We shall next discuss the characteristics of molecular forces. These are forces between the atoms, and are the ultimate origin of friction. Molecular forces have never been satisfactorily explained on a basis of classical physics; it takes quantum mechanics to understand them fully. Empirically, however, the force between atoms is illustrated schematically in Fig. 12–2, where the force F between two atoms is plotted as a function of the distance r between them. There are different cases: in the water molecule, for example, the negative charges sit more on the oxygen, and the mean positions of the negative charges and of the positive charges are not at the same point; consequently, another molecule nearby feels a relatively large force, which is called a dipole–dipole force. However, for many systems the charges are very much better balanced, in particular for oxygen gas, which is perfectly symmetrical. In this case, although the minus charges and the plus charges are dispersed over the molecule, the distribution is such that the center of the minus charges and the center of the plus charges coincide. A molecule where the centers do not coincide is called a polar molecule, and charge times the separation between centers is called the dipole moment. A nonpolar molecule is one in which the centers of the charges coincide. For all nonpolar molecules, in which all the electrical forces are neutralized, it nevertheless turns out that the force at very large distances is an attraction and varies inversely as the seventh power of the distance, or F=k/r⁷, where k is a constant that depends on the molecules. Why this is we shall learn only when we learn quantum mechanics. When there are dipoles the forces are greater. When atoms or molecules get too close they repel with a very large repulsion; that is what keeps us from falling through the floor!

These molecular forces can be demonstrated in a fairly direct way: one of these is the friction experiment with a sliding glass tumbler; another is to take two very carefully ground and lapped surfaces which are very accurately flat, so that the surfaces can be brought very close together. An example of such surfaces is the Johansson blocks that are used in machine shops as standards for making accurate length measurements. If one such block is slid over another very carefully and the upper one is lifted, the other one will adhere and also be lifted by the molecular forces, exemplifying the direct attraction between the atoms on one block for the atoms on the other block.

Nevertheless, these molecular forces of attraction are still not fundamental in the sense that gravitation is fundamental; they are due to the vastly complex interactions of all the electrons and nuclei in one molecule with all the electrons and nuclei in another. Any simple–looking formula we get represents a summation of complications, so we still have not got the fundamental phenomena.

Since the molecular forces attract at large distances and repel at short distances, as shown in Fig. 12–2, we can make up solids in which all the atoms are held together by their attractions and held apart by the repulsion that sets in when they are too close together. At a certain distance d (where the graph in Fig. 12–2 crosses the axis) the forces are zero, which means that they are all balanced, so that the molecules stay that distance apart from one another.

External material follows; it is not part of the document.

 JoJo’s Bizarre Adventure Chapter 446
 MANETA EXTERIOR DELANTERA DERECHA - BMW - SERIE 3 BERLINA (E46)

If the molecules are pushed closer together than the distance d they all show a repulsion, represented by the portion of the graph above the r–axis. To push the molecules only slightly closer together requires a great force, because the molecular repulsion rapidly becomes very great at distances less than d. If the molecules are pulled slightly apart there is a slight attraction, which increases as the separation increases. If they are pulled sufficiently hard, they will separate permanently—the bond is broken.

If the molecules are pushed only a very small distance closer, or pulled only a very small distance farther than d, the corresponding distance along the curve of Fig. 12–2 is also very small, and can then be approximated by a straight line. Therefore, in many circumstances, if the displacement is not too great the force is proportional to the displacement. This principle is known as Hooke’s law, or the law of elasticity, which says that the force in a body which tries to restore the body to its original condition when it is distorted is proportional to the distortion. This law, of course, holds true only if the distortion is relatively small; when it gets too large the body will be torn apart or crushed, depending on the kind of distortion. The amount of force for which Hooke’s law is valid depends upon the material; for instance, for dough or putty the force is very small, but for steel it is relatively large. Hooke’s law can be nicely demonstrated with a long coil spring, made of steel and suspended vertically. A suitable weight hung on the lower end of the spring produces a tiny twist throughout the length of the wire, which results in a small vertical deflection in each turn and adds up to a large displacement if there are many turns. If the total elongation produced, say, by a 100–gram weight, is measured, it is found that additional weights of 100 grams will each produce an additional elongation that is very nearly equal to the stretch that was measured for the first 100 grams. This constant ratio of force to displacement begins to change when the spring is overloaded, i.e., Hooke’s law no longer holds.